Engineering Contradictions & Design Principles
Engineering Contradiction Analysis
1Manufacturing precision
If data is extracted from production environments for testing, then real-life data quality is improved, but data security is worsened due to sensitive information exposure
Solution Approach 1:
The patent segments data into different categories (sensitive vs. non-sensitive) and applies different processing treatments to each segment. Sensitive data elements are identified and sanitized through obfuscation techniques, while non-sensitive data is transferred as-is, thus maintaining data quality for testing while protecting sensitive information.
Solution Approach 2:
The patent introduces an intermediary data sanitization layer between the production environment and testing environment.
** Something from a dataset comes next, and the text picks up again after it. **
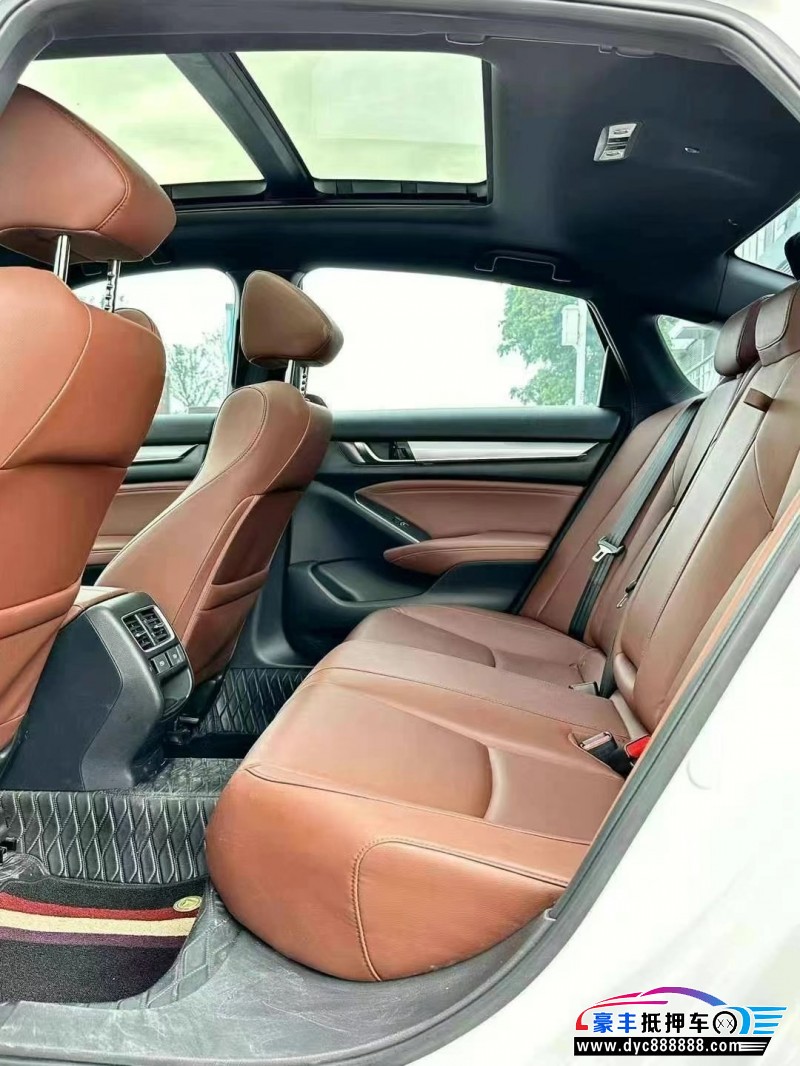 23年本田英诗派轿车抵押车出售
This intermediary process automatically detects, masks, or transforms sensitive data elements before data leaves the production system, allowing real data to be used for testing without exposing sensitive information.
2Object-affected harmful factors
If data sanitization is performed manually, then data security is improved, but processing time and labor costs increase
Solution Approach 1:
The patent implements self-service automated data sanitization capabilities that operate without manual intervention. The system automatically scans data for sensitive elements, applies appropriate sanitization rules, and validates the sanitization process, dramatically reducing both time and labor costs while maintaining security standards.
Solution Approach 2:
The patent replaces manual mechanical sanitization processes with automated computational systems. Machine learning algorithms and automated rule engines substitute for human reviewers, enabling rapid processing of large datasets while maintaining consistent security standards without human labor.
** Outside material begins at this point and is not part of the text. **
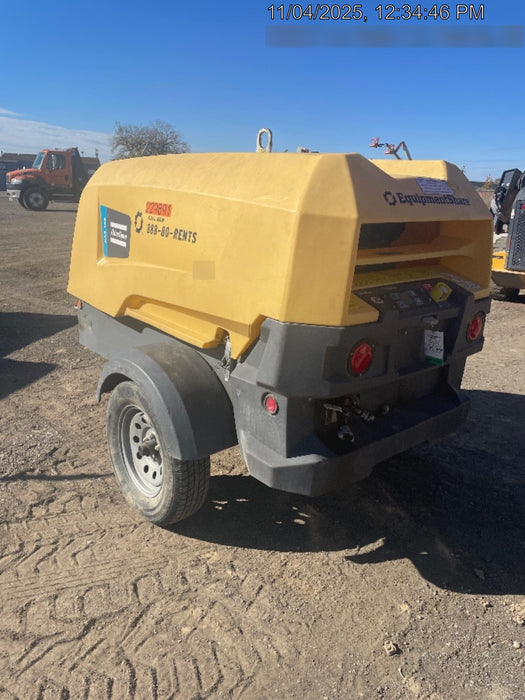 2022 ATLAS COPCO XAS188 CWK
3Object-affected harmful factors
If comprehensive data validation is implemented, then data security is improved, but system complexity increases
Solution Approach 1:
The patent implements a universal validation framework that handles multiple data types, sensitivity levels, and sanitization methods through a single integrated system. This multi-functional approach consolidates what would otherwise require multiple separate validation processes, reducing overall system complexity while maintaining comprehensive security validation.
Data Source
AI summary
Embodiments of the present invention provide a system for provisioning validated sanitized data for application development. The system is configured for establishing a communication link with a plurality of disparate systems, retrieving data from the plurality of disparate systems via the communication link, sanitizing the data retrieved from the plurality of disparate systems, generating a query to validate the sanitized data, wherein the generation of the query is based on a set of rules, validating the sanitized data using the query generated based on the set of rules, determining that the validation of the sanitized data is successful, and transmitting the validated sanitized data to a second plurality of disparate systems.